Exercise brief: Print verbatim every line starting at the one that contains "Caramelos Ricola Limón-Melisa 70g" and ending at the final line of the records; include both endpoints.
------------------------
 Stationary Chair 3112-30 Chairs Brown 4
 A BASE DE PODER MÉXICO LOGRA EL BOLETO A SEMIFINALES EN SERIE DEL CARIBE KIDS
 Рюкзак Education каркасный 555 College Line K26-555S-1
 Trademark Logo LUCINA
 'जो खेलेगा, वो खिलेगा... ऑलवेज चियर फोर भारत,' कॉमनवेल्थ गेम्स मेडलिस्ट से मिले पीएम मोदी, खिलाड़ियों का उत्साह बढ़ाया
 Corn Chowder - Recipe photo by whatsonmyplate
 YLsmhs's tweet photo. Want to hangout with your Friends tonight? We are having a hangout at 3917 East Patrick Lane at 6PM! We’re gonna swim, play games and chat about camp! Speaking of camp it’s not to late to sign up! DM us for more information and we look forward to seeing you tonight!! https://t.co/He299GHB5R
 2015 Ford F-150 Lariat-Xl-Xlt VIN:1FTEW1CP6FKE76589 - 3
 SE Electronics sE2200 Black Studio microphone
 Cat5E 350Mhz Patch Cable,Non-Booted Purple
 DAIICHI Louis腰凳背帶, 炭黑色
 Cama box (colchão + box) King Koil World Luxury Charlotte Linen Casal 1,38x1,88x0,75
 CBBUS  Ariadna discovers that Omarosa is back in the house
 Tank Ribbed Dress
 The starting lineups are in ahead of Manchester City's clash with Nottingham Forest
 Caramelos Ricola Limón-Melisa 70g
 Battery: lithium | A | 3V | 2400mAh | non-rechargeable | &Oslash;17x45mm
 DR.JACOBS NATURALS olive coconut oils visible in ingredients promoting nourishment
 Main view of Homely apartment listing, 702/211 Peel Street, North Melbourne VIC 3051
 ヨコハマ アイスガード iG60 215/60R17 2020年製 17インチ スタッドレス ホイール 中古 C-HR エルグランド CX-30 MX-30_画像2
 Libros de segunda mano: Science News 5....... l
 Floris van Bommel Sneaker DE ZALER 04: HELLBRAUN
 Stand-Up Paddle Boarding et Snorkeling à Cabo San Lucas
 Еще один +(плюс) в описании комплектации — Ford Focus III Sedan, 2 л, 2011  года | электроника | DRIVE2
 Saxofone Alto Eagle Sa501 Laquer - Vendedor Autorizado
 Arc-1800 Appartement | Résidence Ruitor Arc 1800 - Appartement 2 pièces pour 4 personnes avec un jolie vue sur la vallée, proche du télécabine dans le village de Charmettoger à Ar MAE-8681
------------------------
Answer box:
 Caramelos Ricola Limón-Melisa 70g
 Battery: lithium | A | 3V | 2400mAh | non-rechargeable | &Oslash;17x45mm
 DR.JACOBS NATURALS olive coconut oils visible in ingredients promoting nourishment
 Main view of Homely apartment listing, 702/211 Peel Street, North Melbourne VIC 3051
 ヨコハマ アイスガード iG60 215/60R17 2020年製 17インチ スタッドレス ホイール 中古 C-HR エルグランド CX-30 MX-30_画像2
 Libros de segunda mano: Science News 5....... l
 Floris van Bommel Sneaker DE ZALER 04: HELLBRAUN
 Stand-Up Paddle Boarding et Snorkeling à Cabo San Lucas
 Еще один +(плюс) в описании комплектации — Ford Focus III Sedan, 2 л, 2011  года | электроника | DRIVE2
 Saxofone Alto Eagle Sa501 Laquer - Vendedor Autorizado
 Arc-1800 Appartement | Résidence Ruitor Arc 1800 - Appartement 2 pièces pour 4 personnes avec un jolie vue sur la vallée, proche du télécabine dans le village de Charmettoger à Ar MAE-8681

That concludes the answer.